# Exercise:
Quote every line below exactly and skip any picture.

# Data:
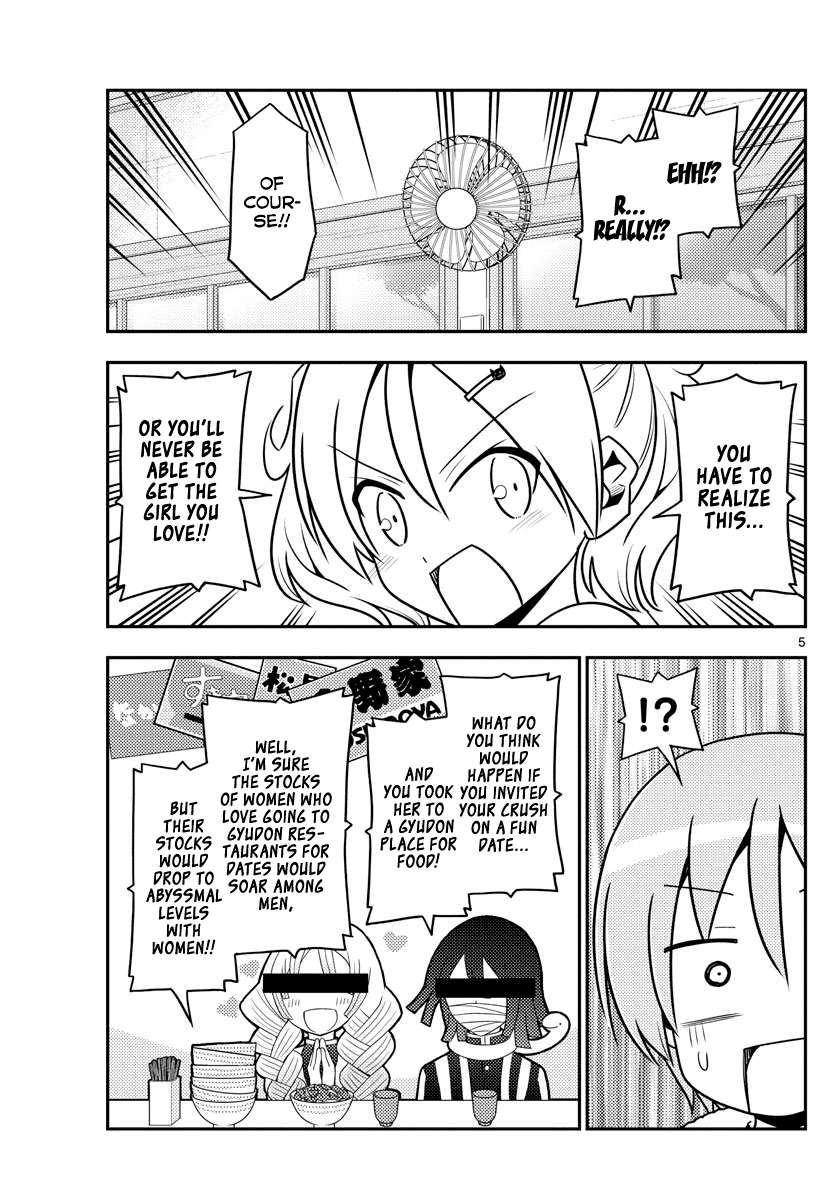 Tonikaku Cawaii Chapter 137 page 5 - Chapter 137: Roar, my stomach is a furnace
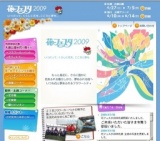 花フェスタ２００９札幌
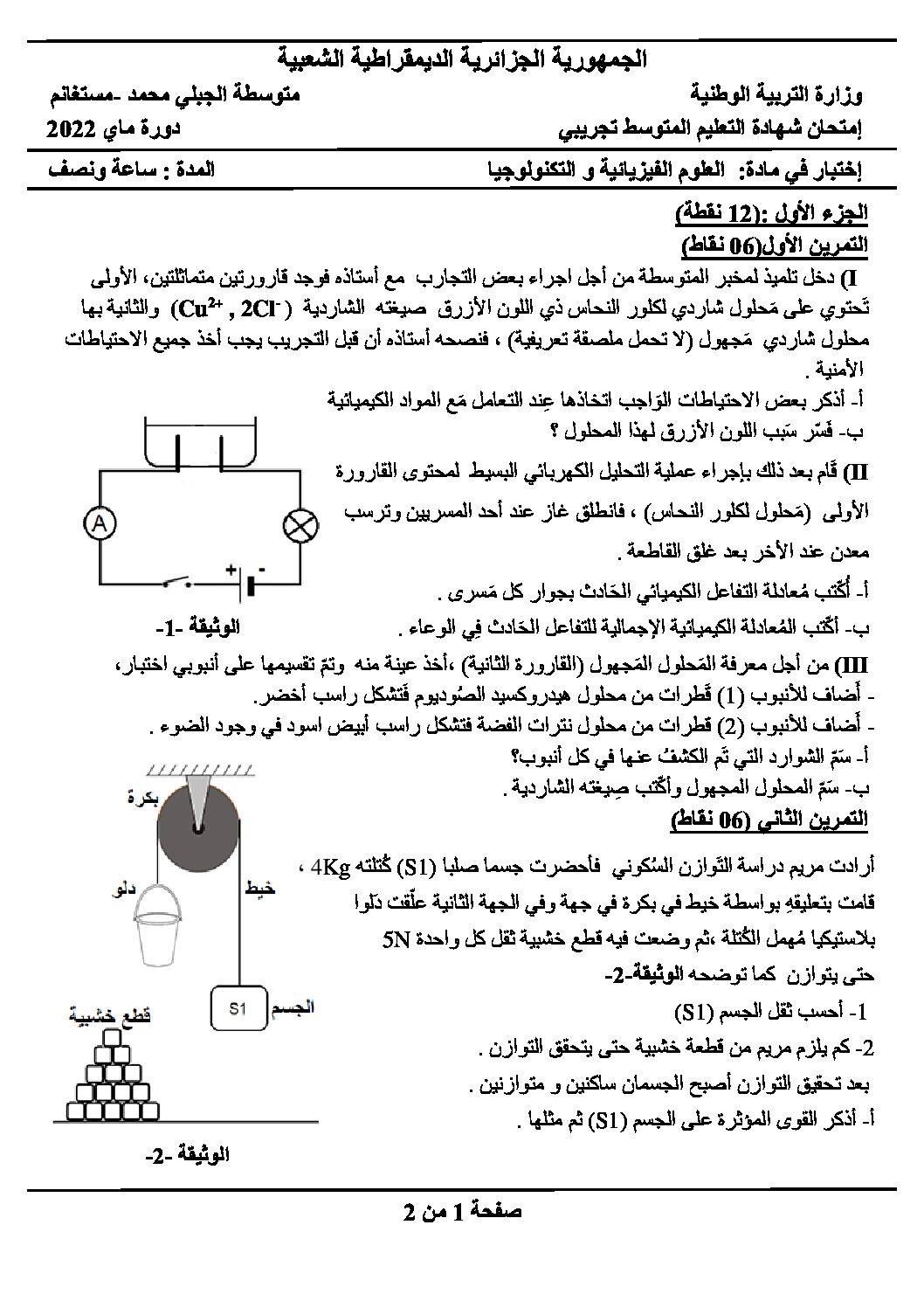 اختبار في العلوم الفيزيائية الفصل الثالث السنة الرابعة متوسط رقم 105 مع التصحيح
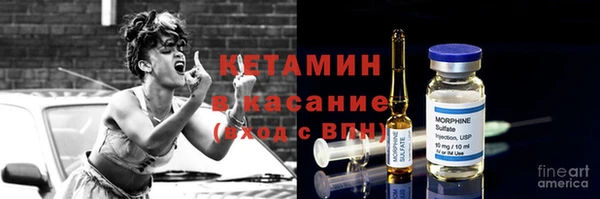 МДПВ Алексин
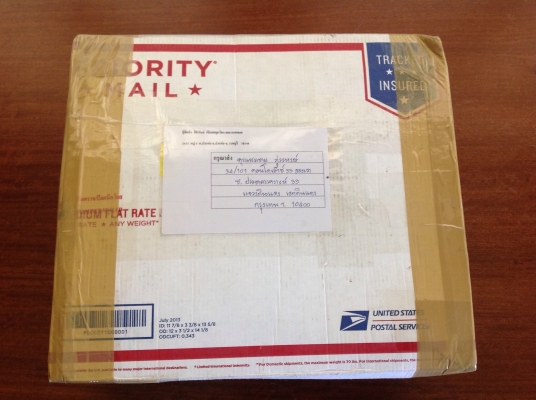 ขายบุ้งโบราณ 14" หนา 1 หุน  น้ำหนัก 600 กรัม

# Completed exercise:
 Tonikaku Cawaii Chapter 137 page 5 - Chapter 137: Roar, my stomach is a furnace
 花フェスタ２００９札幌
 اختبار في العلوم الفيزيائية الفصل الثالث السنة الرابعة متوسط رقم 105 مع التصحيح
 МДПВ Алексин
 ขายบุ้งโบราณ 14" หนา 1 หุน  น้ำหนัก 600 กรัม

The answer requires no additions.